# Soapy Taste After Dry Hopping?



## dr_pepper (21/1/11)

hello, please help

just dry hopped (12g cascade) + added 1 cut up lime into fermenter of an already fermented "dry lager" kit, its been in there for 48 hours, and had a few tastings, and besides a kinda faint grassy taste (assuming from dry hopping), there is also a bad shampoo / soap / talcum powder kinda taste. was definitely not there at all before adding dry hops & lime.

i'm about to cold condition, but wondering if i've done something wrong and should remove the hops + lime before cold conditioning. if i've stuffed it, perhaps there is some sort of finings that i can use to kill everything and make it a bland, dry beer?

its supposed to be for SWMBO & Co anyway, so no problems if its ends up tasteless.

any ideas?

ta
dr pepper


----------



## felten (21/1/11)

I've found some of the floral notes you get from certain hops that remind me of some kind of liquid soap or similar, it could be from over extraction if you're getting grassy flavours as well. If it's from the hops it will age out over time.

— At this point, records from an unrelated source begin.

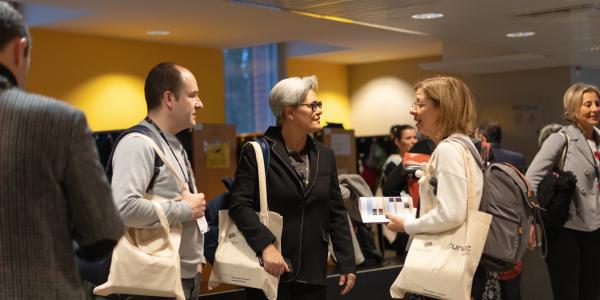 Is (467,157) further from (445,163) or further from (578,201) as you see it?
(578,201)

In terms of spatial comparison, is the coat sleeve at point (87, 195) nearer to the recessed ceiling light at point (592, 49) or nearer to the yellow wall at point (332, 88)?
the recessed ceiling light at point (592, 49)

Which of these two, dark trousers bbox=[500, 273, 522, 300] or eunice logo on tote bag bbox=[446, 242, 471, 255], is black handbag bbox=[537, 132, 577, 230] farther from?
eunice logo on tote bag bbox=[446, 242, 471, 255]

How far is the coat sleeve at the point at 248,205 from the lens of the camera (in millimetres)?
3436

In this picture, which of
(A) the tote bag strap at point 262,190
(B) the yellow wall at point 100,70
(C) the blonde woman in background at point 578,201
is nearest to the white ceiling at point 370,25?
(B) the yellow wall at point 100,70

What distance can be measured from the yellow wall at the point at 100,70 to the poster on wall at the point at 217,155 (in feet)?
8.82

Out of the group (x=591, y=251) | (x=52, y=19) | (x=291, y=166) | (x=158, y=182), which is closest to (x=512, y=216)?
(x=291, y=166)

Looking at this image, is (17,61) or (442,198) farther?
(442,198)

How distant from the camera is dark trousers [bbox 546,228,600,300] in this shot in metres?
4.93

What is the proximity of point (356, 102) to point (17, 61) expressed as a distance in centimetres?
1260

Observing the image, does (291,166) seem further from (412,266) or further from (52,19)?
(52,19)

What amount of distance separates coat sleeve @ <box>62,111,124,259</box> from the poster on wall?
5934mm

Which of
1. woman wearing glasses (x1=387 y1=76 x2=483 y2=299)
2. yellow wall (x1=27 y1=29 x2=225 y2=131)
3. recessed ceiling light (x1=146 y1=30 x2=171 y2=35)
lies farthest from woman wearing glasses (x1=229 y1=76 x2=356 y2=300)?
recessed ceiling light (x1=146 y1=30 x2=171 y2=35)

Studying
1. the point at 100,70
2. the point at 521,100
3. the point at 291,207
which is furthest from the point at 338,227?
the point at 521,100

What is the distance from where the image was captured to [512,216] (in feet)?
10.8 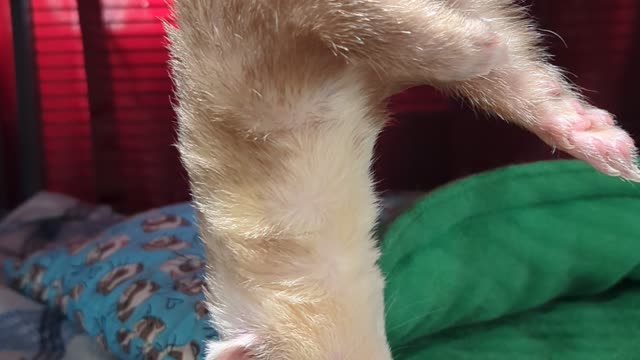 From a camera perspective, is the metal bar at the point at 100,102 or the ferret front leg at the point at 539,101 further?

Just noted you said 48hr so that not long enough for grassyness, have you dry hopped many beers?

If you were going to CC for a few days before bottling, I would just continue with that.


----------



## dr_pepper (21/1/11)

ok well thats good to know it could simply be the hops flavour. i figured it would age out a bit over time, but bit of a shock tasting it in there!

its my first dry hop attempt so i don't really know how its supposed to taste, but its definitely quite a strong taste...i wouldn't say overruling the whole flavour, but much more than a background flavour

the taste was there instantly (i sampled about 30 mins after putting it all in)

the "grassyness" could just be part of the hop flavour, as i said i haven't done any dry hopping before so i don't actually know the various flavours produced

ok think i'll just CC for a few days as planned then bottle

thanks for the help


----------



## manticle (21/1/11)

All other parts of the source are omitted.